Olson, Gary. “Toward a Post-Process Composition: Abandoning the Rhetoric of Assertion.” Thomas Kent, ed. Post-process Theory: Beyond the Writing-Process Paradigm. Carbondale: Southern Illinois University Press, 1999. 7-15. eBook Collection (EBSCOhost). Web. 25 Oct. 2015.

Now president of a liberal arts college in New York, Gary Olson’s work as a scholar of rhetoric and writing studies is well known. He has written or edited more than two dozen books and published over 50 articles.
Olson opens this chapter by describing the history of the process movement within teaching composition. He says, [W]riting is an ‘activity,’ an act that itself is composed of a variety of activities” (7). He reels off what seem to be platitudes — or probably more to his point, Theories — about process within writing, ranging from discovery and invention to revision and peer review. He argues that, from a post-modern standpoint, process is limiting, not because authors (i.e., students) avoid writing in a manner that one might consider process (e.g., prewriting, drafting, and re-visioning), but because teachers of writing laud process as a system for all, creating a “Theory of Writing” that defies the anti-foundationalist approach that claims that local knowledge is all one can know.
As Olson states, “This [Theory of Writing] is what Thomas Kent and other post-process theorists mean when they complain that process scholars — despite whatever other ideological allegiances may inform their work — are attempting to systematize something that simply is not susceptible to systematization” (8).
Analyzing these arguments, then, Olson posits that process-oriented writing has historically forced writers to compose under a model that presupposes a “rhetoric of assertion,” and accordingly, he calls for readers to question this “time-honored value in composition” for its entrenchment in Western culture’s epistemology of writing.
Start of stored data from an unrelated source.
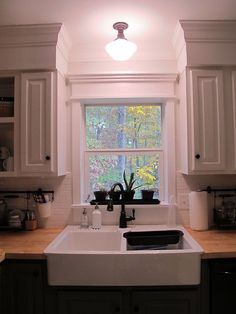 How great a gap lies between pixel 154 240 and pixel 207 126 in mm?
986

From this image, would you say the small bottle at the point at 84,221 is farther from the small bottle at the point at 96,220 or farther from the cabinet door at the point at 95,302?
the cabinet door at the point at 95,302

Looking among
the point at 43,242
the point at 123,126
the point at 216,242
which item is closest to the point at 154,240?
the point at 216,242

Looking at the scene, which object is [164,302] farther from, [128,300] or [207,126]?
[207,126]

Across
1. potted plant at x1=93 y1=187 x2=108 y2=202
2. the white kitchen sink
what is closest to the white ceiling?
potted plant at x1=93 y1=187 x2=108 y2=202

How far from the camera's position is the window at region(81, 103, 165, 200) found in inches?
97.1

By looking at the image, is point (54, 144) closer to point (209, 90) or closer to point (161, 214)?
point (161, 214)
Instead, Olson argues for a more dialogic, sophistic, exploratory form of writing.
Olson continues by examining the rhetoric of assertion from the standpoints of three post-modern theorists: Harding, Haraway, and Lyotard. Sandra Harding provides a feminist viewpoint, scrutinizing the masculine-centered nature of the rhetoric of science and its supposedly objective structure (which is not reality), calling for an “inclusiveness of alternative positionings” (10).
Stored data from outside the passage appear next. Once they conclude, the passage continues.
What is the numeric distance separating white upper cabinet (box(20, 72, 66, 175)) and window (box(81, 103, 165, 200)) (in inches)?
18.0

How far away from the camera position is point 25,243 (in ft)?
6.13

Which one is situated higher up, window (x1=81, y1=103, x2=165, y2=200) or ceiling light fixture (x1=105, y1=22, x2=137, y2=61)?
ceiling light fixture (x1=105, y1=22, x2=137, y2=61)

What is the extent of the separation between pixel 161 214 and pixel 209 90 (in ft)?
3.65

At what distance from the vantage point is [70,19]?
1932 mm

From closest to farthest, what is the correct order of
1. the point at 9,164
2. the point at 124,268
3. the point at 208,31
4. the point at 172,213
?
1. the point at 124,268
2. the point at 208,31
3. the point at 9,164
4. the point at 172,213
Olson references the works of Haraway, Lyotard, and Harding in discussing the rhetoric of assertion
Following Harding, Olson moves to Donna Haraway, popular for her theories on cyborg writing, who holds to the conception that writing is “authoritative, assertive, [and] phallogocentric . . . “ (12). Haraway does not believe that writing cannot have authority, but she believes writing “must reveal how authority is implicated in discourse” (12). Olson posits that authority stems from the rhetoric of assertion.
Addressing the final theorist in his chapter, Olson discusses Jean-François Lyotard’s conception of writing, which “is in contradistinction to the traditional notion of writing as an activity whose objective is to ‘master’ a subject, to possess it, to pin it down through a discourse of assertion” (13). Instead, Lyotard suggests an openness in writing.
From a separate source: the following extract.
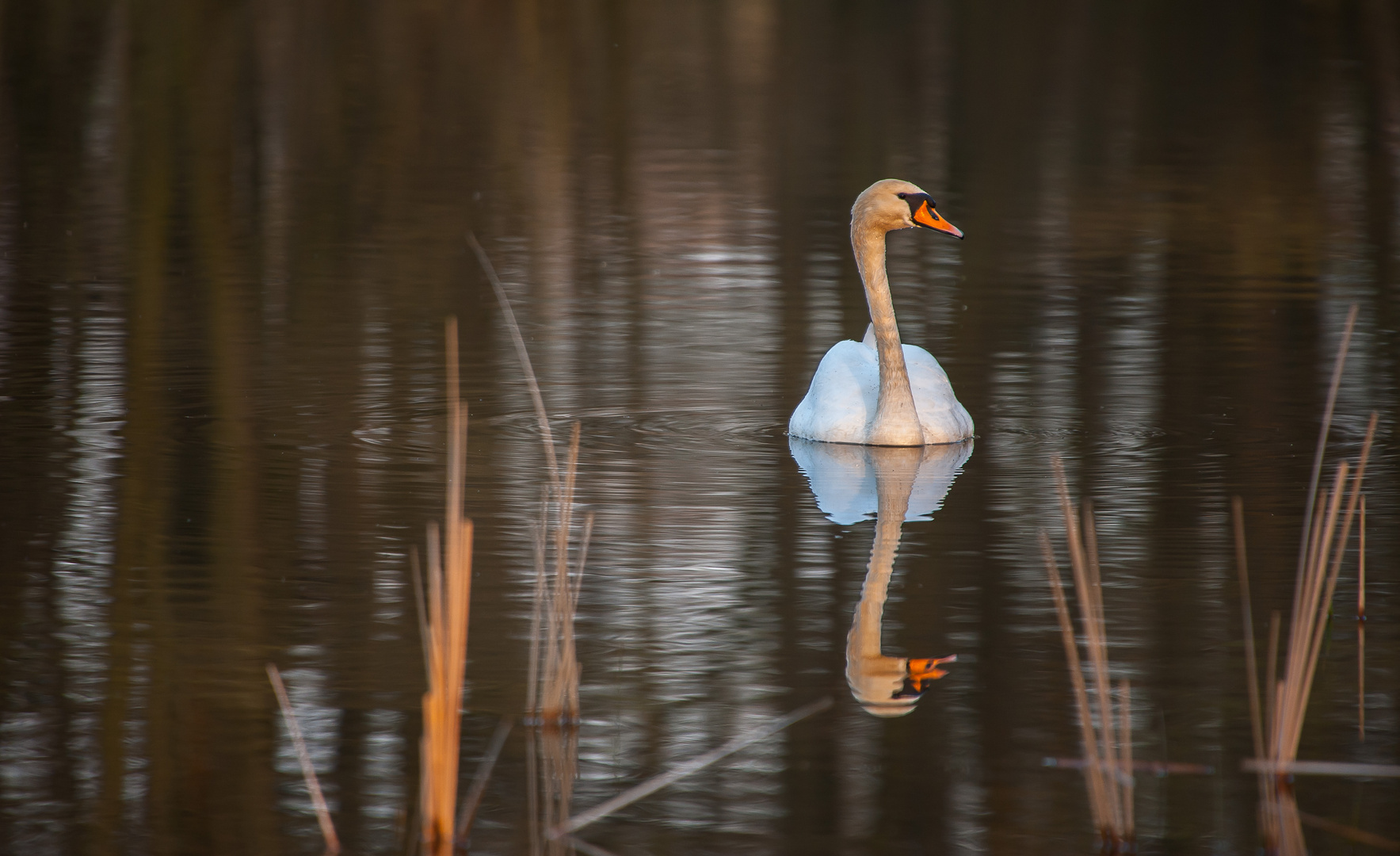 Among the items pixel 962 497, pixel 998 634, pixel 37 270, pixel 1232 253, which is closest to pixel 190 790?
pixel 998 634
Overall, Olson appeals for us to “move away from a discourse of mastery and assertion toward a more dialogic, dynamic, open-ended, receptive, nonassertive stance” (14). Additionally, he concludes that such theorizing about writing is much better than holding to a process-oriented system of writing, which looks to nail down and systematize the way one composes.
Reflection
Olson’s chapter, here, addresses a major point of inquiry and debate within composition studies: process. Moreover, it serves as a good follow up — and a counterpoint of sorts — to one of our course readings by Fulkerson (2005), which identifies the writing process as so important that it tops the list of major bibliographies in composition in both 1980 and 2001. Just to quickly bring readers up to speed on Fulkerson’s view on process — at least as detailed in his 2005 article — he concludes with Berlin, “Everyone teaches the process of writing, but everyone does not teach the same [italics original] process” (669). This conclusion only comes, however, as he picks apart Thomas Kent’s work on post-process theory, which is the same text from which Olson’s chapter, here, comes. Fulkerson clearly does not see the value of post-process theory. As he remarks, “[T]here is no agreed-upon meaning for it; it may just be the latest way of showing yourself to be au courant” (669-70).
That preface aside, please allow me to reflect directly on Olson’s work on the rhetoric of assertion. In this chapter, Olson does a fine job of problematizing process-oriented writing. However, in typical post-modern fashion, the solutions are relatively abstract or thin. While Olson asserts (ironic, no?) that writing should be dialogic, dynamic, and open-ended, he does not demonstrate what that type of writing looks like. He mentions in his notes work by Winterowd on exploratory writing, but his article also says that such a genre of writing still is expected to make a point or points (9), which he equates with the rhetoric of assertion.
So, I’m not fully sure what type of writing would fit the post-process mold Olson describes in his text (and to to even talk about a mold seems counter to his main point anyway); however, knowing Olson’s work rather intimately — I had the pleasure of having a course with him during my master’s — I do recall one interesting trait in his own writing, particularly when he was editor of JAC, that we might consider as a good means for practicing an open, dialogic way of writing: the interview. Yes, Olson, as far as academics go, heavily uses the genre of interviews, more than I’ve seen with any other scholar, especially within rhetoric and composition studies. On his own site, Olson actually refers to these types of back and forth conversations as interview essays, and while certainly this genre can have an agenda of sorts what with one having the ability to ask leading questions of the other, interviews do allow for a more transparent, natural form of writing, where diversions and interruptions can even be annotated, giving in to the openness that Lyotard recommends and the disabuse of authority that Haraway suggests.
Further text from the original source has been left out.